◆ Task directions
Further down are entries; set down exactly and only the lines from the one with "El papa Francisco" up to and including the one with "ভার্চুয়াল বৈঠকে অভিষেক", dropping each picture.

◆ Input
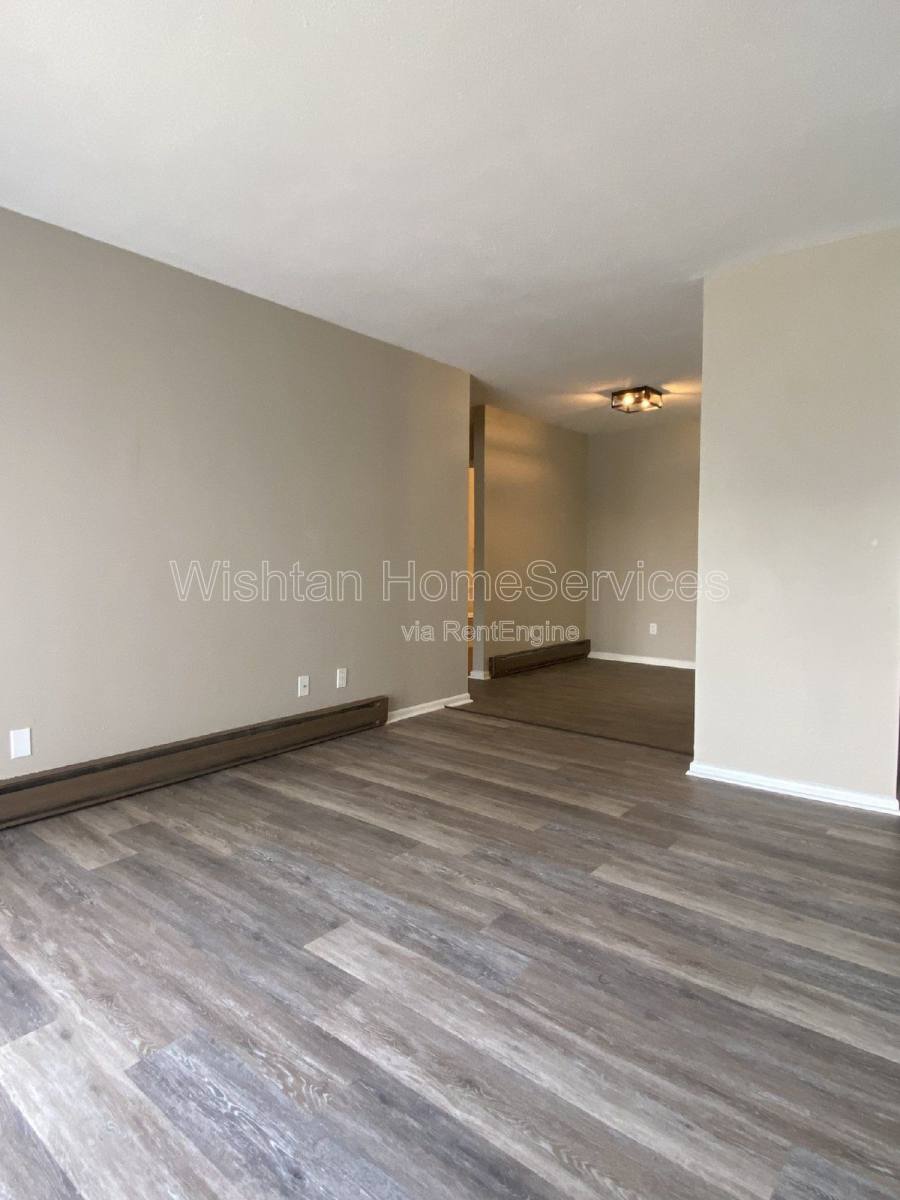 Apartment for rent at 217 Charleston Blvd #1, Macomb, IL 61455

...

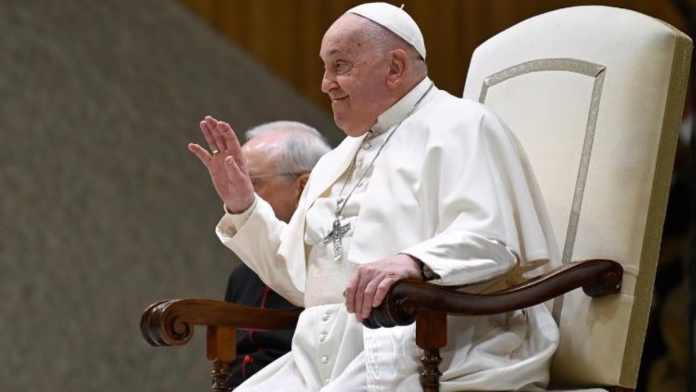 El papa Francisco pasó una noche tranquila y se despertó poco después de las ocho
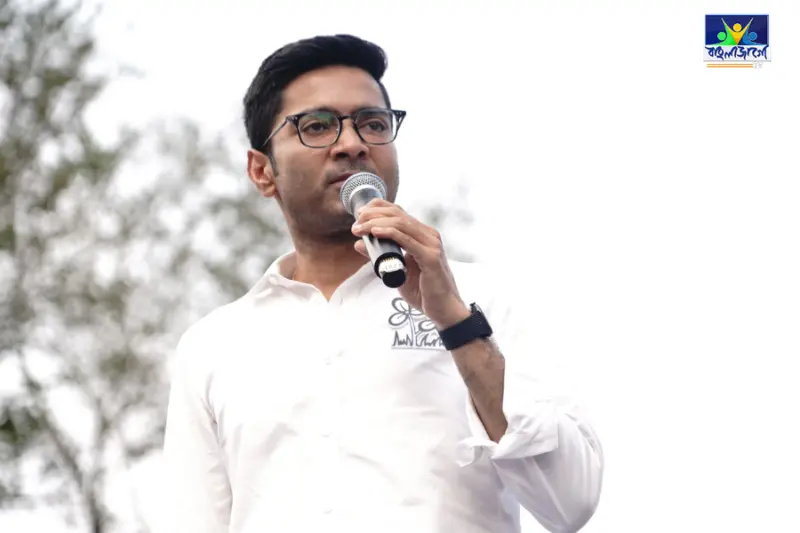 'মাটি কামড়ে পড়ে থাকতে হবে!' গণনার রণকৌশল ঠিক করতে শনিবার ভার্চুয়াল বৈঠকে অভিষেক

◆ Result of this exercise
 El papa Francisco pasó una noche tranquila y se despertó poco después de las ocho
 'মাটি কামড়ে পড়ে থাকতে হবে!' গণনার রণকৌশল ঠিক করতে শনিবার ভার্চুয়াল বৈঠকে অভিষেক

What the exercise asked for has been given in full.